Kenyans’ voluntary savings in the National Social Security Fund (NSSF) reduced considerably in 2024 as employees struggled with higher obligatory monthly contributions. Data by the Retirement Benefits Authority (RBA) shows that voluntary contributions dropped by 47 per cent, from KSh1.9 billion in 2023 to KSh1.01 billion in 2024.
Employees typically pay a percentage of their wages into occupation pension schemes, with an option to make further contributions over the specified amount. However, these additional voluntary contributions (AVCs) have shrunk as workers prioritize mandatory NSSF deductions, which have risen significantly in recent years.
“While normal contributions from both parties showed strong growth, additional voluntary contributions and medical fund contributions declined, suggesting a shift in focus towards mandatory contributions,” RBA said.
Rising Mandatory Deductions
The implementation of the National Social Security Fund Act 2013, cleared by the courts in 2023, triggered steep increases in mandatory contributions.
- In February 2023, monthly deductions jumped from a flat KSh200 per worker to KSh1,080.
- In February 2024, the rates doubled again to a ceiling of KSh2,160.
- In February 2025, deductions doubled once more to KSh4,320.
- In February 2026, contributions are expected to grow by another 50 per cent, hitting a maximum of KSh6,480 per month.
Currently, employees earning KSh30,000 contribute KSh1,800, and employees in the KSh50,000 category contribute KSh3,000, while employees in the KSh80,000 and above class pay the maximum KSh4,320.

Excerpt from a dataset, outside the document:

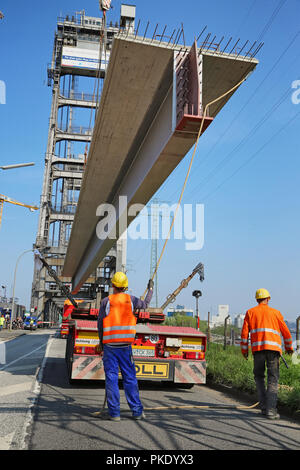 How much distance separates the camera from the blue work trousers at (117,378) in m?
5.59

Impact on Workers and Employers
Employers are required to match workers’ contributions. For the high earners, this means contributing KSh480 to the NSSF and leaving the remainder of KSh3,840 in occupational or umbrella pension schemes. Such an employer who would wish to contract out of the NSSF must seek advance approval from the Retirement Benefits Authority (RBA).
The steep rise in deductions has shifted workers’ focus toward mandatory contributions, leaving less room for voluntary savings. As a result, private pension schemes are seeing slower growth in voluntary top-ups.
NSSF Takes Bigger Share of Pension Savings
Despite a fall in voluntary savings, overall pension savings grew sharply in 2024, with the NSSF driving much of the growth.
Contributions to the statutory scheme more than doubled, climbing to KSh59.1 billion from KSh25.3 billion the previous year. This surge followed the second phase of higher mandatory deductions.
In total, industry-wide pension savings increased 29 per cent to KSh263.4 billion in 2024 from KSh204.9 billion in 2023. The NSSF’s share of the overall contributions increased to 22.4 per cent from 10.9 per cent, a measure of how the scheme is gaining more of the retirement savings at the expense of private pension plans.